→ WHAT YOU HAVE TO DO
Every line from the one with "Gothistar Gothic Skullveil Roses Leather Bag" through the end of the entries below must be retyped exactly, and only those lines. The pictures are not part of the copy.

→ RECORDS SHOWN

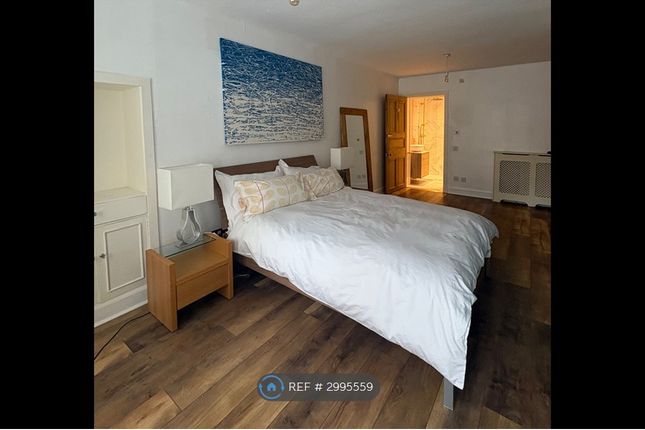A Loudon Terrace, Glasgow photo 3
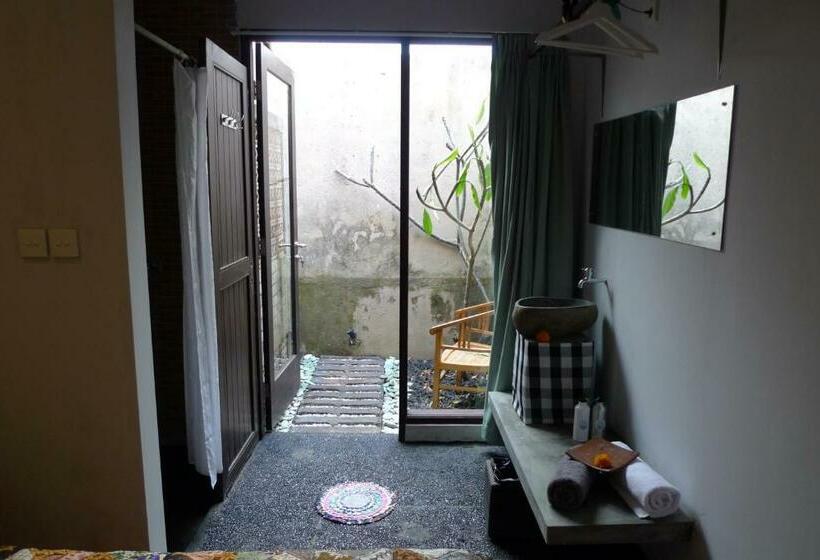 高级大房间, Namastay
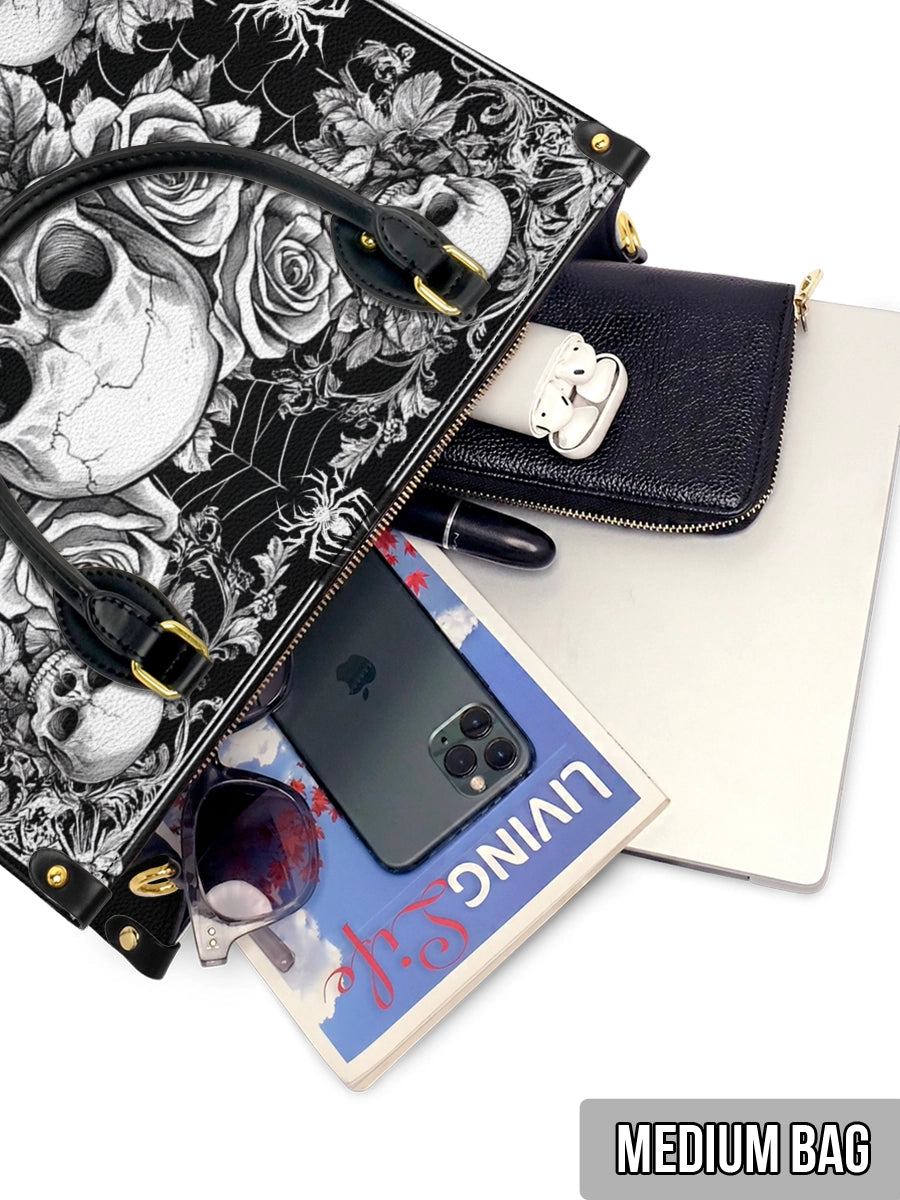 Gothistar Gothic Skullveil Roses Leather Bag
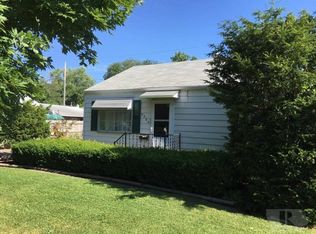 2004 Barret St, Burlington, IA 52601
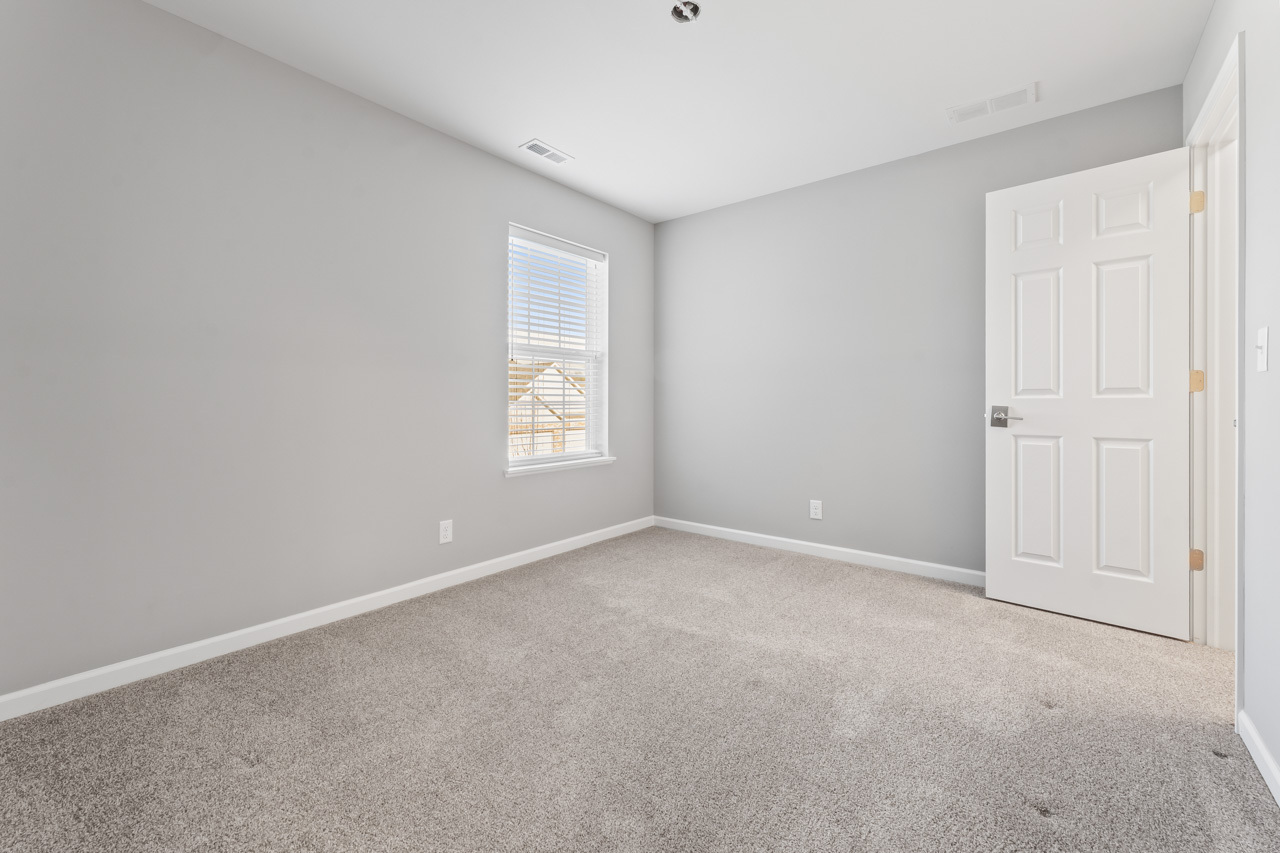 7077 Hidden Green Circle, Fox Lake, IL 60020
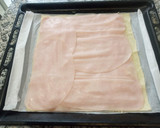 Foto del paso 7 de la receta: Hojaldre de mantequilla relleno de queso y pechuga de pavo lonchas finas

→ EXERCISE ANSWER
 Gothistar Gothic Skullveil Roses Leather Bag
 2004 Barret St, Burlington, IA 52601
 7077 Hidden Green Circle, Fox Lake, IL 60020
 Foto del paso 7 de la receta: Hojaldre de mantequilla relleno de queso y pechuga de pavo lonchas finas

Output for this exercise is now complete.